Корабли тонут в море, а голоса в шуме. Они дважды проваливались по пах и дважды подлетали с риском расшибить себе лоб — прежде чем Бельмонте разобрал: «Давно-де пора, да топор утонул».
— Не жалей, старику Нептуну будет хоть чем рубить русалкам хвосты.
Буря продолжалась до рассвета. На рассвете отлетел последний русалочий хвост — теперь, пока свежие не вырастут, море баламутить нечем.

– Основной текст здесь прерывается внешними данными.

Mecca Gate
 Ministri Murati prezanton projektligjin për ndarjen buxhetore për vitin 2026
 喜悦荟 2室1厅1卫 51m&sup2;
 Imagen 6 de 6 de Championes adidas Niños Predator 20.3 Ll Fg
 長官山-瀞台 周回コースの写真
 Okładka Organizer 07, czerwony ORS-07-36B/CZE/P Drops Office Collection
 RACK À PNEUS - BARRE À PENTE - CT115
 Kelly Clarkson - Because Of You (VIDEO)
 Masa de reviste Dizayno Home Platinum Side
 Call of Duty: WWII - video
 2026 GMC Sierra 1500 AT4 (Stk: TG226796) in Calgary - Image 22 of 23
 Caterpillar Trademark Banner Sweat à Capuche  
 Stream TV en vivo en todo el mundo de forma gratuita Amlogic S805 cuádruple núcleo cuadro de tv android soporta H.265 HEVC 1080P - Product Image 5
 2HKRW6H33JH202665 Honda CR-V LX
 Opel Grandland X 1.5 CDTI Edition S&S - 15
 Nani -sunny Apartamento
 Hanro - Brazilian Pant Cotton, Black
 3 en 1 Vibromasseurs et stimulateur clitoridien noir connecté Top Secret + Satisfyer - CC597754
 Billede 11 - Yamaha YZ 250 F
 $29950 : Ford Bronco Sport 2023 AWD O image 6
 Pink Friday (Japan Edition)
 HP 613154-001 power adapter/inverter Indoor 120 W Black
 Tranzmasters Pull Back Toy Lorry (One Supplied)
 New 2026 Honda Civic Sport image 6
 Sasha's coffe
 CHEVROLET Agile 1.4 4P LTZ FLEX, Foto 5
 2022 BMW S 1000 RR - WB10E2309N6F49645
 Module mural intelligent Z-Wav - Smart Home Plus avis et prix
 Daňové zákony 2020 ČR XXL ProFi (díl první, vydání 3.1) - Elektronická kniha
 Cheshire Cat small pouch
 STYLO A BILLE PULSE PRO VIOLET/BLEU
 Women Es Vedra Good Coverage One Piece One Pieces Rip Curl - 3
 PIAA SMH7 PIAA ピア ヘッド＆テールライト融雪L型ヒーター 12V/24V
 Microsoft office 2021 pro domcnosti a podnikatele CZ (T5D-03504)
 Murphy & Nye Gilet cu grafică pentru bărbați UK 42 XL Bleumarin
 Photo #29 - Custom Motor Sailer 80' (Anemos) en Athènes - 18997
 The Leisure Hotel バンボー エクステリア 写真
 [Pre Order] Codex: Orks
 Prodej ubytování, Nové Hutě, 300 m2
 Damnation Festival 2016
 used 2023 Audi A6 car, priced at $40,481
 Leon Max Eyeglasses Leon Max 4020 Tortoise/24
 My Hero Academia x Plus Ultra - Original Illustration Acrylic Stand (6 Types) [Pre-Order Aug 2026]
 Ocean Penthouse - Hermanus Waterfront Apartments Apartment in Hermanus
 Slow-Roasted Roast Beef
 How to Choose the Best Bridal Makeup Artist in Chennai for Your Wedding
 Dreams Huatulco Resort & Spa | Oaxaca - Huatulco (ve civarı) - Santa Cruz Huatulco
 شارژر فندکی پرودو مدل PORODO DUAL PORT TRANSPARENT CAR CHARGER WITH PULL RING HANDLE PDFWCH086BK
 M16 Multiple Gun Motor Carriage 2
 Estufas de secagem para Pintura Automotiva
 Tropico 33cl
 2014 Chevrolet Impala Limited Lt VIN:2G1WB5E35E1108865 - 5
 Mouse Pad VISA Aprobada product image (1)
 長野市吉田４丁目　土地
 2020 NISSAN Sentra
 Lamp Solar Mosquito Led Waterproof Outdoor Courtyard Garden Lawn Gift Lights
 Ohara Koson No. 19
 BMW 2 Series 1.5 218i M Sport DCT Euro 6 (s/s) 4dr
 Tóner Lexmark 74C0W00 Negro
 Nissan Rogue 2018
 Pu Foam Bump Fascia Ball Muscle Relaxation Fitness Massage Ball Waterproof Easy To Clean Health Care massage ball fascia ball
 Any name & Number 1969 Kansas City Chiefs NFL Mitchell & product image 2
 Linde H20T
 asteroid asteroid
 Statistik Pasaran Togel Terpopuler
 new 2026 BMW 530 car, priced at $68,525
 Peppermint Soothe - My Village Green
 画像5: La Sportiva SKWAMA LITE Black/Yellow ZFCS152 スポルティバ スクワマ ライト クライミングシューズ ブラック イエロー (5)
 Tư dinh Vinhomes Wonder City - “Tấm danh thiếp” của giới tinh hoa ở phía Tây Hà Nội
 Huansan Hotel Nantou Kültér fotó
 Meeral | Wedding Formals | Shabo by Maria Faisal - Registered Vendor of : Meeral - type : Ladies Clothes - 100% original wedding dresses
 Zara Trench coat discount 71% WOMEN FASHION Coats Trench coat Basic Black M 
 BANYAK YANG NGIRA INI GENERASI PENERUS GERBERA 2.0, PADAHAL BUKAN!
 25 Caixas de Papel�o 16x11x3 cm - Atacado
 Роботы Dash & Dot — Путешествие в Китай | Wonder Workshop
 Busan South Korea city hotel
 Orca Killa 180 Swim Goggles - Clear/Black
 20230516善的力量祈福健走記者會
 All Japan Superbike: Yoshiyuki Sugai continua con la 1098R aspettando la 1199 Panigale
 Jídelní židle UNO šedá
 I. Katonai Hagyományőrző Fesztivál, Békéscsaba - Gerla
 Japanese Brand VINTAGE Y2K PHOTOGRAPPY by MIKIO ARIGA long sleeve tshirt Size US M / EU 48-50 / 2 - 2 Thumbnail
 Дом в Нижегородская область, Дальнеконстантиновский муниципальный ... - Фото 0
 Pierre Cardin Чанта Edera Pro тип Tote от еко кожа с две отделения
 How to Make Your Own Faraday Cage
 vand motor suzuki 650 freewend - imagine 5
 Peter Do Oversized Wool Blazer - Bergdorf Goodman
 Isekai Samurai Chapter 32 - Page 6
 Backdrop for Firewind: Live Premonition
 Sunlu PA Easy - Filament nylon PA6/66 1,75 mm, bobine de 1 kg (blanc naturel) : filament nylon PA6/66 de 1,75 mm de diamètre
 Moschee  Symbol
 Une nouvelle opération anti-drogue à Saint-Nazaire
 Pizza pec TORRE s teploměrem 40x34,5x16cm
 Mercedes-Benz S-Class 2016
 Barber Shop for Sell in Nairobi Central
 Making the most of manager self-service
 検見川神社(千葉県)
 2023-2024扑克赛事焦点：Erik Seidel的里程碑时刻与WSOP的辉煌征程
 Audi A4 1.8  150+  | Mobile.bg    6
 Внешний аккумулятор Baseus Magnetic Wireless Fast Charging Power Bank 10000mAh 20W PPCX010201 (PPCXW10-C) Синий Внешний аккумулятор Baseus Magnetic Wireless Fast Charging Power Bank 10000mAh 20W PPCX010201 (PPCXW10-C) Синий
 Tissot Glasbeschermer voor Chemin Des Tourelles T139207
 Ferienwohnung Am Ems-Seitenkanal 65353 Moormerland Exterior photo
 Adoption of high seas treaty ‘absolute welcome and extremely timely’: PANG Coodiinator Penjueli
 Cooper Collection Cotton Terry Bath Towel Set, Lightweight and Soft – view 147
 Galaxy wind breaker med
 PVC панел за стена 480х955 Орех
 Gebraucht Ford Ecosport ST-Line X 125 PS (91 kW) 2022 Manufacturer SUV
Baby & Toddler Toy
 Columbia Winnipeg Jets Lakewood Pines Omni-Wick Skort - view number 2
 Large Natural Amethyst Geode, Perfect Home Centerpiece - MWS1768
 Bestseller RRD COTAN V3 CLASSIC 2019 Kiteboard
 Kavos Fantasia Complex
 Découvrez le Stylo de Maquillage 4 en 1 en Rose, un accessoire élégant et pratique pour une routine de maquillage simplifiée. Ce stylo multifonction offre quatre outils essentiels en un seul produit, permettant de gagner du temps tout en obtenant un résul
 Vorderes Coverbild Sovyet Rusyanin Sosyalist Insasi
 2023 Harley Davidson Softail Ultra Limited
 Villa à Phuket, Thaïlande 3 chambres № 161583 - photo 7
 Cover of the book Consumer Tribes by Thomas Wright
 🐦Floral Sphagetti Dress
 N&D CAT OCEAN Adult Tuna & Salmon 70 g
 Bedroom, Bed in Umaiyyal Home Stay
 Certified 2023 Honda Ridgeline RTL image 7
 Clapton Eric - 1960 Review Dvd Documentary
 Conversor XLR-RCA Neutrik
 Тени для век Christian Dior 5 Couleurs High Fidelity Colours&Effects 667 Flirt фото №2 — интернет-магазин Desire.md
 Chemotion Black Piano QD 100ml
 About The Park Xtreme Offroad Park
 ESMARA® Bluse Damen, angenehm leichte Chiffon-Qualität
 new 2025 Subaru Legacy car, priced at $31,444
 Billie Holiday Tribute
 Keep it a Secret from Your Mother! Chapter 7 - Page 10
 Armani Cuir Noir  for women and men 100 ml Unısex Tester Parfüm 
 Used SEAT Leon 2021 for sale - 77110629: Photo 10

Они плыли еще три дня и одну ночь — последнюю; две предыдущие этруски отсыпались. Плавание вообще-то подразделяется на счастливое, когда передвижение по воде происходит в пределах определенного отрезка жизни, с обеих сторон ограниченного твердью земной; на несчастливое, когда вышесказанный отрезок жизни ограничен твердью земной лишь с одной своей стороны; и на плаванье, из двух участников которого один ни разу не касался ногою земли. Счастливому плаванию покровительствует либо Венера, либо богиня по имени Демократия. Несчастливое плавание подобно мирозданию: имея начало, не имеет конца. Пьяные корабли пьяны собою; по мнению их капитанов, мореплаватели и жизнеплаватели суть синонимы. А в несчастливом плавании, конечно же, все корабли пьяны. Они упоительны, как «Титаник», и брутальны, как титан, — единственное, в чем те рознятся, ибо в остальном «Титаник» титану подобен — также и горькою судьбиной.